# What you are asked to do
Return every line of the listing, exactly as it reads.

# Listed records
▶
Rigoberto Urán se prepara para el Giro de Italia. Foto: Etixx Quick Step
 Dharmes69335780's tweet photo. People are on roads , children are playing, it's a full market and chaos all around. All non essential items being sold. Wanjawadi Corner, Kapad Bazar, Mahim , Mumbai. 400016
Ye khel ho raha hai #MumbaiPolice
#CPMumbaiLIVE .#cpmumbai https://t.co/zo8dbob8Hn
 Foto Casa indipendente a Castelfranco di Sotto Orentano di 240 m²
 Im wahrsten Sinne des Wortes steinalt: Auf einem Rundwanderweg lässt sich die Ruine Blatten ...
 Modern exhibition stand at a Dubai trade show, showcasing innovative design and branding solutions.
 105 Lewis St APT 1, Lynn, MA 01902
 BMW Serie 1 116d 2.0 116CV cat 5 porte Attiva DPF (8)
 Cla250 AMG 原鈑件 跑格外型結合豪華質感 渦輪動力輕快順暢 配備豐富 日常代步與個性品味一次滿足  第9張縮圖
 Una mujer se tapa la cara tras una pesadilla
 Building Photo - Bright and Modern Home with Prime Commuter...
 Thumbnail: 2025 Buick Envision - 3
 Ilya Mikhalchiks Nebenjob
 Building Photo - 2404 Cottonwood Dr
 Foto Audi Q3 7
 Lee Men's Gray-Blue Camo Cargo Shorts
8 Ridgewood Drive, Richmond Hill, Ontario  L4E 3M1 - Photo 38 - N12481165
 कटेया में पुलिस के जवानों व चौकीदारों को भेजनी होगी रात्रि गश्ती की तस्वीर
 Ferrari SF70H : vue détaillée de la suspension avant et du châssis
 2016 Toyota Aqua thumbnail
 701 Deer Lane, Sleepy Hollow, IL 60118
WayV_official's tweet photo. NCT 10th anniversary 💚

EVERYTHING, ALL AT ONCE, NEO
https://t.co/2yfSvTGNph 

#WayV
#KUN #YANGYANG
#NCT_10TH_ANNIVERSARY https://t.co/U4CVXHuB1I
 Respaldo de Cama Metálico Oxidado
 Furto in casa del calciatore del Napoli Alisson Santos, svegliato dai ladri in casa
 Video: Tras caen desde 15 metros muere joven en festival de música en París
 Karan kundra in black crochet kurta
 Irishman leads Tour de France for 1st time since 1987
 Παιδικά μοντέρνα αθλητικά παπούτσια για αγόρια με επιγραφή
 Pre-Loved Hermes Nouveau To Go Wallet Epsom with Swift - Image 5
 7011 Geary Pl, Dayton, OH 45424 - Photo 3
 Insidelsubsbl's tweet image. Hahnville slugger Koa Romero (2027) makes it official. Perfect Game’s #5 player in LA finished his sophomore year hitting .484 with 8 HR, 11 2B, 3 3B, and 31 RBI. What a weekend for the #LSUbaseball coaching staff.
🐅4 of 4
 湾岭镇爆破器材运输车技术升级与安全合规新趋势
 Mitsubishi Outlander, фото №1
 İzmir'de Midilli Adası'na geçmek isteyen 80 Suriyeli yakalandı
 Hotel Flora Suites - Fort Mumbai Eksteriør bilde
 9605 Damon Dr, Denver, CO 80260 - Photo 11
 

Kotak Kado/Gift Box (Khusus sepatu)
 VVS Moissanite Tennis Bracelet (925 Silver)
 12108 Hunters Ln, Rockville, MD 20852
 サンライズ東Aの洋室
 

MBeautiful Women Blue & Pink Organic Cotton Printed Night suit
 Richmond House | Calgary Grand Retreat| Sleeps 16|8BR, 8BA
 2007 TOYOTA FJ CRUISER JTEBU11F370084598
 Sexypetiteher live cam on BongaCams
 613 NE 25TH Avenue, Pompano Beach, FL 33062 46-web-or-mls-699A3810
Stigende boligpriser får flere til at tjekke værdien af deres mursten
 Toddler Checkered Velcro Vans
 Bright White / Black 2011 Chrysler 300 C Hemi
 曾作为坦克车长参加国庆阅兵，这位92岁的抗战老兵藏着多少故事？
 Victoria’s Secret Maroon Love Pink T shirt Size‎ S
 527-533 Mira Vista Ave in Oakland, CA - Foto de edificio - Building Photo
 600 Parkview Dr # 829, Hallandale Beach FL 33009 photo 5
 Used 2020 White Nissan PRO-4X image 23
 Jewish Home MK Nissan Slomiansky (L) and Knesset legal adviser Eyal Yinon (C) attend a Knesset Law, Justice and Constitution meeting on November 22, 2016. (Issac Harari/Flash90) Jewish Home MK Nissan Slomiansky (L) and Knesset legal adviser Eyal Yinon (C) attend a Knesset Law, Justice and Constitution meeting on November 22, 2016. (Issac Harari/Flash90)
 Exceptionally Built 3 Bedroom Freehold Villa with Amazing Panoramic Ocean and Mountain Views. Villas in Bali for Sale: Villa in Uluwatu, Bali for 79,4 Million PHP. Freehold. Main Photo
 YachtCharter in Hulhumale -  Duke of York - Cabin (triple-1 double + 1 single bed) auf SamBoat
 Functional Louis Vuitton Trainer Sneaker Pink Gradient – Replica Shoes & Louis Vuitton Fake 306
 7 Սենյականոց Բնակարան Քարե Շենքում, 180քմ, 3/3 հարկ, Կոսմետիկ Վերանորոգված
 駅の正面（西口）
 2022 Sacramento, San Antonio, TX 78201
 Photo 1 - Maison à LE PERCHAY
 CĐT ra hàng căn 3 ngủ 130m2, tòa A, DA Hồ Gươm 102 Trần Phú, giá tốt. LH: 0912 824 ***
◀
# Answer section
Rigoberto Urán se prepara para el Giro de Italia. Foto: Etixx Quick Step
 Dharmes69335780's tweet photo. People are on roads , children are playing, it's a full market and chaos all around. All non essential items being sold. Wanjawadi Corner, Kapad Bazar, Mahim , Mumbai. 400016
Ye khel ho raha hai #MumbaiPolice
#CPMumbaiLIVE .#cpmumbai https://t.co/zo8dbob8Hn
 Foto Casa indipendente a Castelfranco di Sotto Orentano di 240 m²
 Im wahrsten Sinne des Wortes steinalt: Auf einem Rundwanderweg lässt sich die Ruine Blatten ...
 Modern exhibition stand at a Dubai trade show, showcasing innovative design and branding solutions.
 105 Lewis St APT 1, Lynn, MA 01902
 BMW Serie 1 116d 2.0 116CV cat 5 porte Attiva DPF (8)
 Cla250 AMG 原鈑件 跑格外型結合豪華質感 渦輪動力輕快順暢 配備豐富 日常代步與個性品味一次滿足  第9張縮圖
 Una mujer se tapa la cara tras una pesadilla
 Building Photo - Bright and Modern Home with Prime Commuter...
 Thumbnail: 2025 Buick Envision - 3
 Ilya Mikhalchiks Nebenjob
 Building Photo - 2404 Cottonwood Dr
 Foto Audi Q3 7
 Lee Men's Gray-Blue Camo Cargo Shorts
8 Ridgewood Drive, Richmond Hill, Ontario  L4E 3M1 - Photo 38 - N12481165
 कटेया में पुलिस के जवानों व चौकीदारों को भेजनी होगी रात्रि गश्ती की तस्वीर
 Ferrari SF70H : vue détaillée de la suspension avant et du châssis
 2016 Toyota Aqua thumbnail
 701 Deer Lane, Sleepy Hollow, IL 60118
WayV_official's tweet photo. NCT 10th anniversary 💚

EVERYTHING, ALL AT ONCE, NEO
https://t.co/2yfSvTGNph 

#WayV
#KUN #YANGYANG
#NCT_10TH_ANNIVERSARY https://t.co/U4CVXHuB1I
 Respaldo de Cama Metálico Oxidado
 Furto in casa del calciatore del Napoli Alisson Santos, svegliato dai ladri in casa
 Video: Tras caen desde 15 metros muere joven en festival de música en París
 Karan kundra in black crochet kurta
 Irishman leads Tour de France for 1st time since 1987
 Παιδικά μοντέρνα αθλητικά παπούτσια για αγόρια με επιγραφή
 Pre-Loved Hermes Nouveau To Go Wallet Epsom with Swift - Image 5
 7011 Geary Pl, Dayton, OH 45424 - Photo 3
 Insidelsubsbl's tweet image. Hahnville slugger Koa Romero (2027) makes it official. Perfect Game’s #5 player in LA finished his sophomore year hitting .484 with 8 HR, 11 2B, 3 3B, and 31 RBI. What a weekend for the #LSUbaseball coaching staff.
🐅4 of 4
 湾岭镇爆破器材运输车技术升级与安全合规新趋势
 Mitsubishi Outlander, фото №1
 İzmir'de Midilli Adası'na geçmek isteyen 80 Suriyeli yakalandı
 Hotel Flora Suites - Fort Mumbai Eksteriør bilde
 9605 Damon Dr, Denver, CO 80260 - Photo 11
 

Kotak Kado/Gift Box (Khusus sepatu)
 VVS Moissanite Tennis Bracelet (925 Silver)
 12108 Hunters Ln, Rockville, MD 20852
 サンライズ東Aの洋室
 

MBeautiful Women Blue & Pink Organic Cotton Printed Night suit
 Richmond House | Calgary Grand Retreat| Sleeps 16|8BR, 8BA
 2007 TOYOTA FJ CRUISER JTEBU11F370084598
 Sexypetiteher live cam on BongaCams
 613 NE 25TH Avenue, Pompano Beach, FL 33062 46-web-or-mls-699A3810
Stigende boligpriser får flere til at tjekke værdien af deres mursten
 Toddler Checkered Velcro Vans
 Bright White / Black 2011 Chrysler 300 C Hemi
 曾作为坦克车长参加国庆阅兵，这位92岁的抗战老兵藏着多少故事？
 Victoria’s Secret Maroon Love Pink T shirt Size‎ S
 527-533 Mira Vista Ave in Oakland, CA - Foto de edificio - Building Photo
 600 Parkview Dr # 829, Hallandale Beach FL 33009 photo 5
 Used 2020 White Nissan PRO-4X image 23
 Jewish Home MK Nissan Slomiansky (L) and Knesset legal adviser Eyal Yinon (C) attend a Knesset Law, Justice and Constitution meeting on November 22, 2016. (Issac Harari/Flash90) Jewish Home MK Nissan Slomiansky (L) and Knesset legal adviser Eyal Yinon (C) attend a Knesset Law, Justice and Constitution meeting on November 22, 2016. (Issac Harari/Flash90)
 Exceptionally Built 3 Bedroom Freehold Villa with Amazing Panoramic Ocean and Mountain Views. Villas in Bali for Sale: Villa in Uluwatu, Bali for 79,4 Million PHP. Freehold. Main Photo
 YachtCharter in Hulhumale -  Duke of York - Cabin (triple-1 double + 1 single bed) auf SamBoat
 Functional Louis Vuitton Trainer Sneaker Pink Gradient – Replica Shoes & Louis Vuitton Fake 306
 7 Սենյականոց Բնակարան Քարե Շենքում, 180քմ, 3/3 հարկ, Կոսմետիկ Վերանորոգված
 駅の正面（西口）
 2022 Sacramento, San Antonio, TX 78201
 Photo 1 - Maison à LE PERCHAY
 CĐT ra hàng căn 3 ngủ 130m2, tòa A, DA Hồ Gươm 102 Trần Phú, giá tốt. LH: 0912 824 ***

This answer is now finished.